In the comparative example (FIG. 10), since the processing is performed simply in order of input, for example, in comparison between the biochemical analysis cycle “A1” and the immunity analysis cycle “A1”, the biochemical analysis “A1” is assigned earlier (cycle time 1), i.e., the immunity analysis “A1” is assigned later (cycle time 6). In contrast, in the embodiment (FIG. 11), with respect to the analysis type E2, the immunity analysis has a higher priority and a larger score than the biochemical analysis. In the embodiment, therefore, for example, in comparison between the biochemical analysis cycle “A1” and the immunity analysis cycle “A1”, the immunity analysis “A1” is assigned earlier (cycle time 6), i.e., the biochemical analysis “A1” is assigned later (cycle time 15).

For example, focusing on the biochemical analysis “C4” (analysis request information of #=12), the biochemical analysis is assigned to cycle time 12 in the comparative example (FIG. 10), while it is assigned to cycle time 5 in the embodiment (FIG. 11), resulting in earlier start time. For the information elements of the analysis request information of #=12, for example, the reagent residual amount is relatively small (45%), and the time elapsing from reagent placement is long (8 hr).

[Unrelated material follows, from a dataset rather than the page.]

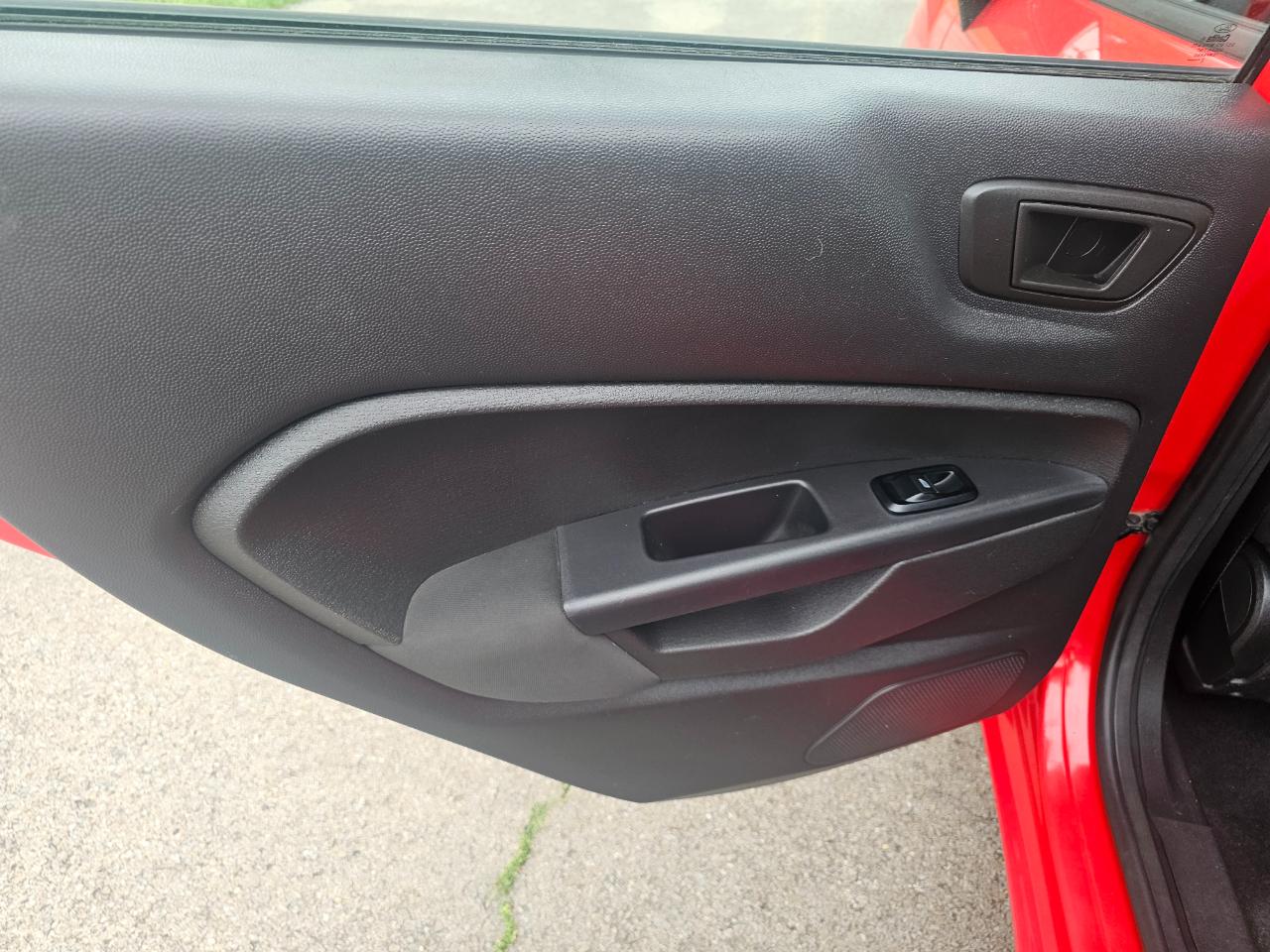 Ford Fiesta 4dr Sdn SE 2013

For the analysis request information of #=12, therefore, based on the score table 50 (FIG. 4), the score is relatively larger reflecting a decrease in reagent residual amount and reagent degradation, and the priority order correspondingly becomes higher, resulting in assignment of the information to an earlier cycle time.

For example, for immunity analysis “C3” (analysis request information of #=13), the immunity analysis is assigned to cycle time 16 in the comparative example (FIG. 10), while it is assigned to cycle time 1 in the embodiment (FIG. 11), resulting in earlier start time. For the information elements of the analysis request information of #=13, for example, the reagent residual amount is relatively small (20%), and the time elapsing from reagent placement is long (6 hr). For the analysis request information of #=12, therefore, based on the score table 50 (FIG. 4), the score is relatively larger reflecting a decrease in reagent residual amount and reagent degradation, and the priority order correspondingly becomes higher, resulting in assignment of the information to an earlier cycle time.

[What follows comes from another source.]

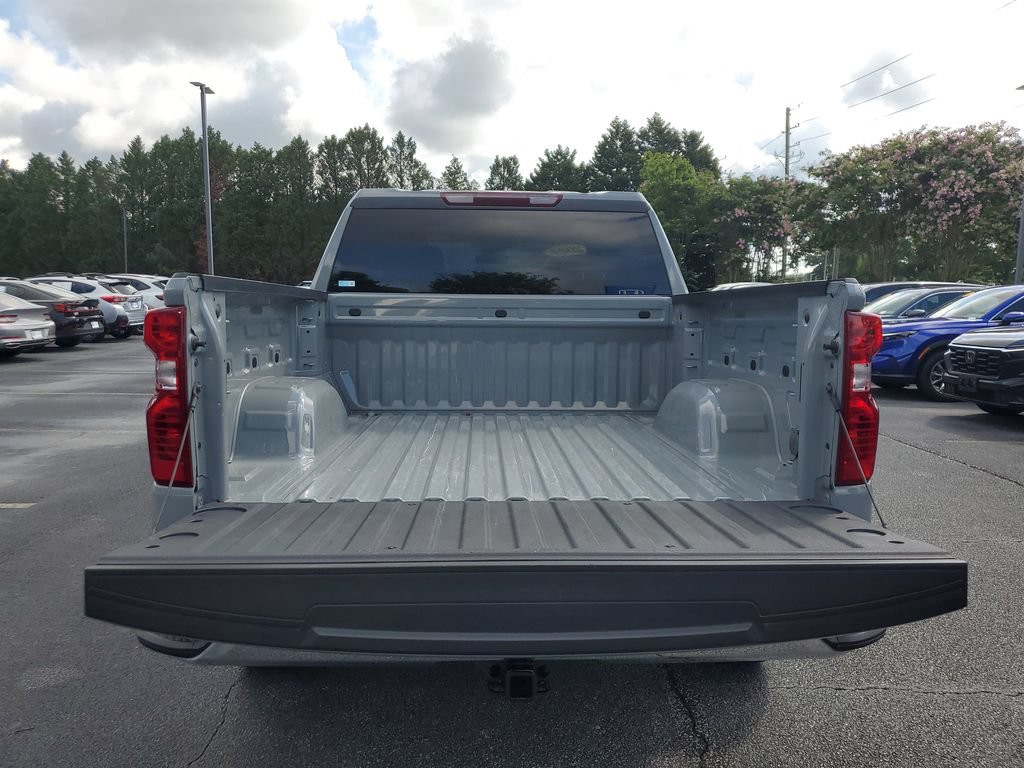 Used 2024 Chevrolet Silverado 1500 LT AWD/4WD image 8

The above example embodiment has been described with a case where when the determination section 12 assigns multiple pieces of analysis request information to analysis processing based on the priority order of the information, it sequentially assigns the analysis request information one by one to a mechanism or cycle time according to the priority order. Not only this, but in a modification, multiple pieces of analysis request information can be assigned to mechanisms or cycle times simultaneously in parallel according to the priority order.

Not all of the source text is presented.